━━━━━ Extracted information

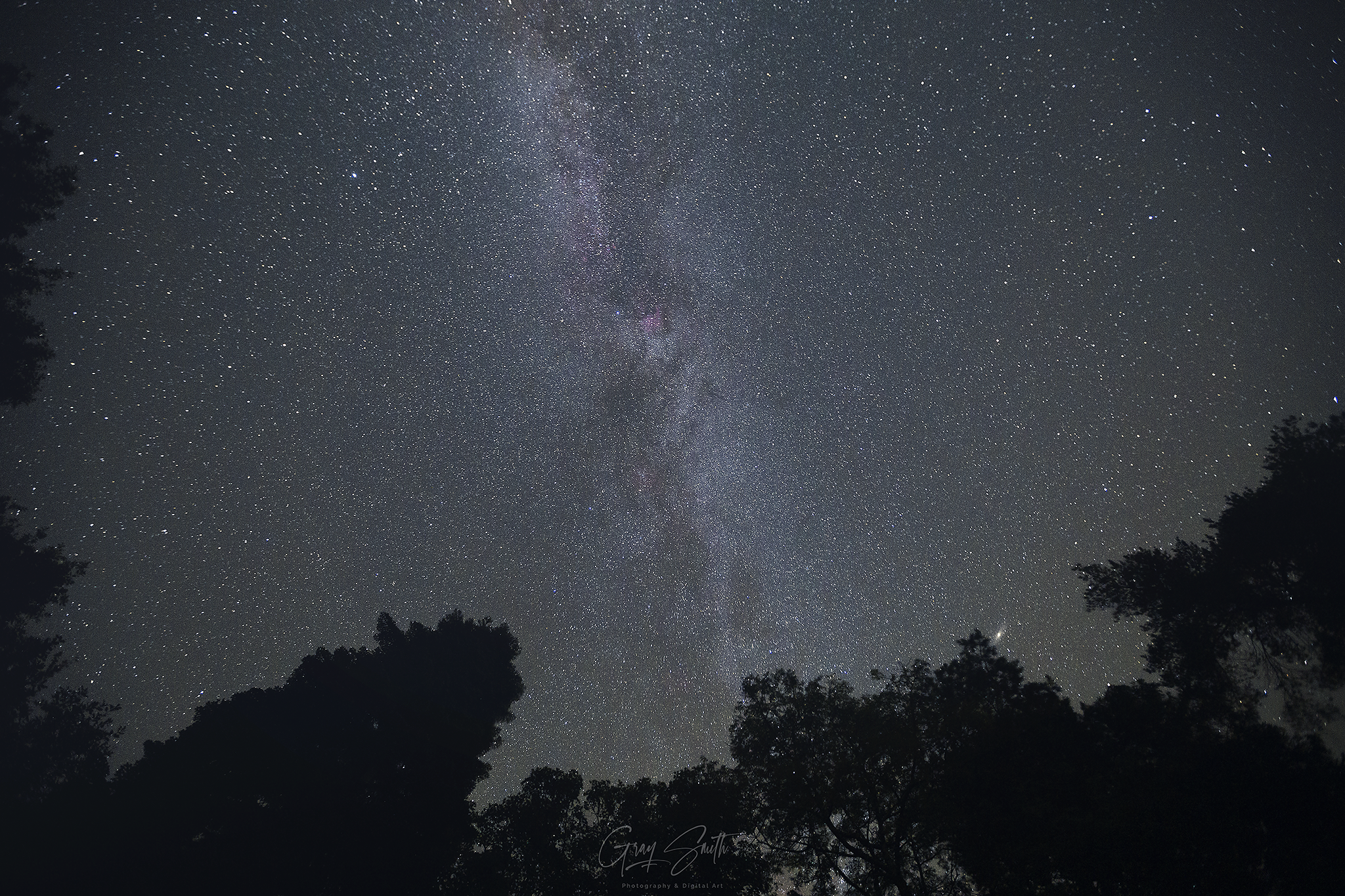 North American nebula copy.png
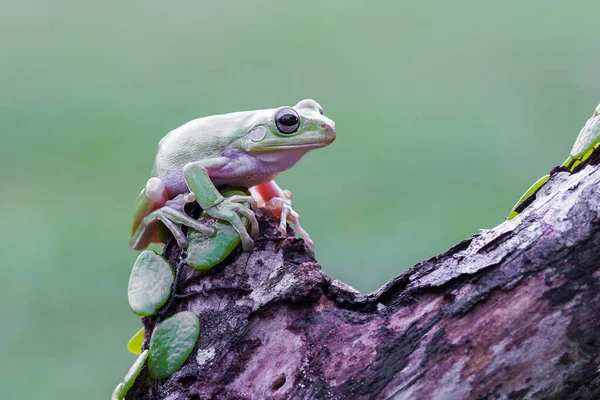 Dumpy Frog Drzewo Gałązkach Tropikalnym Ogrodzie — Zdjęcie stockowe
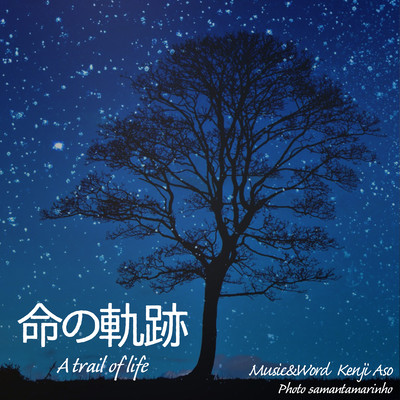 A trail of life (feat. Ryo) Front Cover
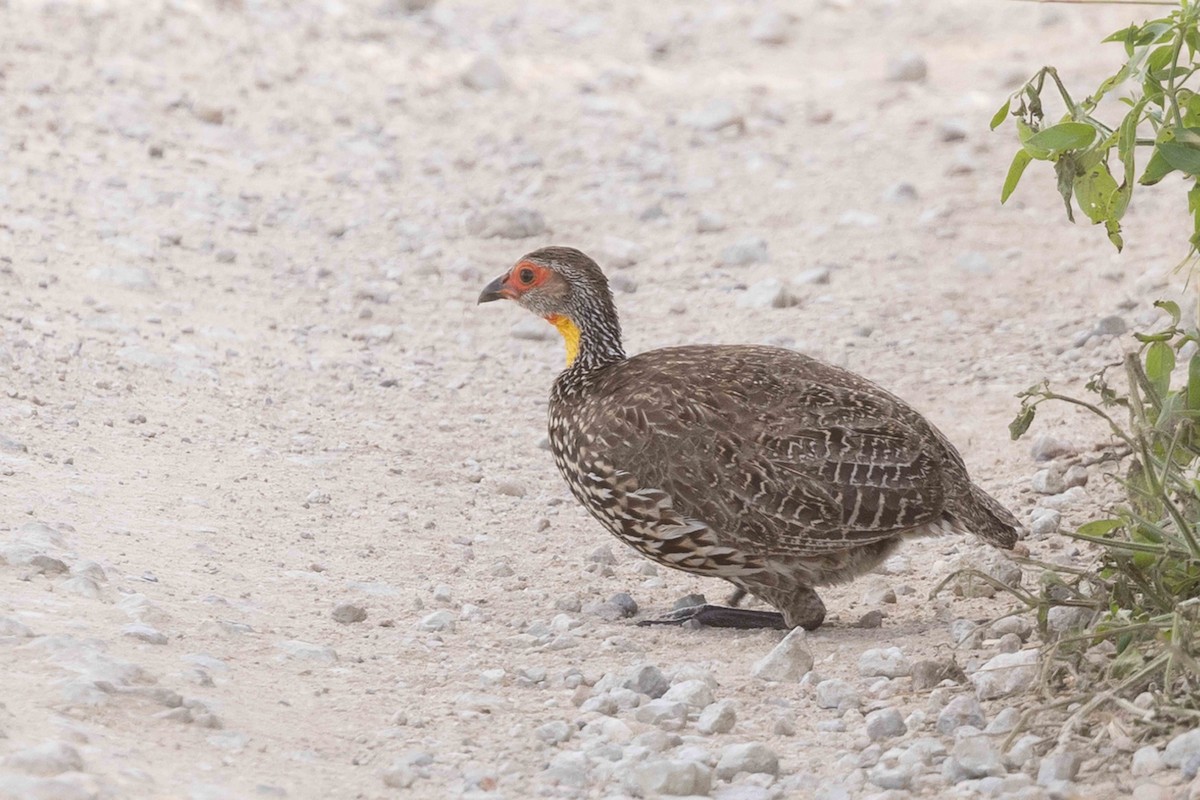 Francolin à cou jaune - ML616908563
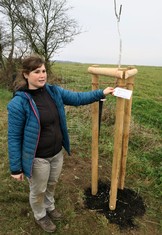 Ředitelka Geoparku Ralsko Lenka Mrázová u hrušně, kterou   jako první zasadil hejtman Libereckého kraje Martin Půta.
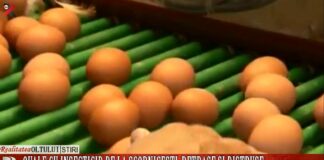 Ouăle cu insecticid de la Scornicești, retrase și distruse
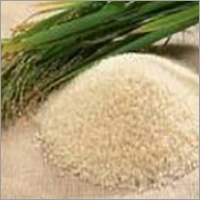 शरबती नॉन बासमती चावल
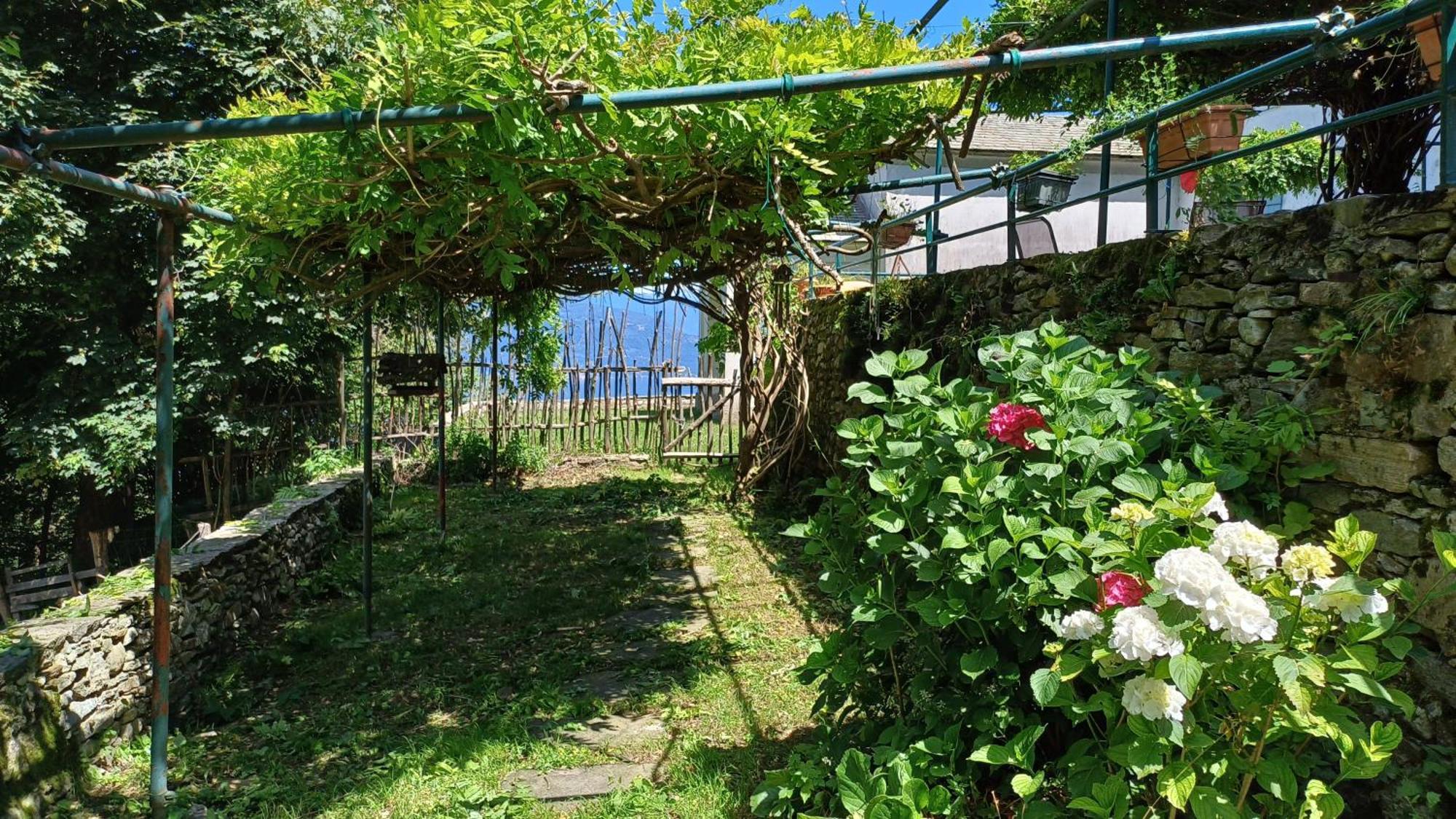 La Stanza Del Bosco Appartement Arcumeggia Buitenkant foto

━━━━━━━━━━

== Work required ==
Set down nothing but the lines from the one containing "Dumpy Frog Drzewo" to the final line above, both included, with every picture left out.

== Output of the task ==
 Dumpy Frog Drzewo Gałązkach Tropikalnym Ogrodzie — Zdjęcie stockowe
 A trail of life (feat. Ryo) Front Cover
 Francolin à cou jaune - ML616908563
 Ředitelka Geoparku Ralsko Lenka Mrázová u hrušně, kterou   jako první zasadil hejtman Libereckého kraje Martin Půta.
 Ouăle cu insecticid de la Scornicești, retrase și distruse
 शरबती नॉन बासमती चावल
 La Stanza Del Bosco Appartement Arcumeggia Buitenkant foto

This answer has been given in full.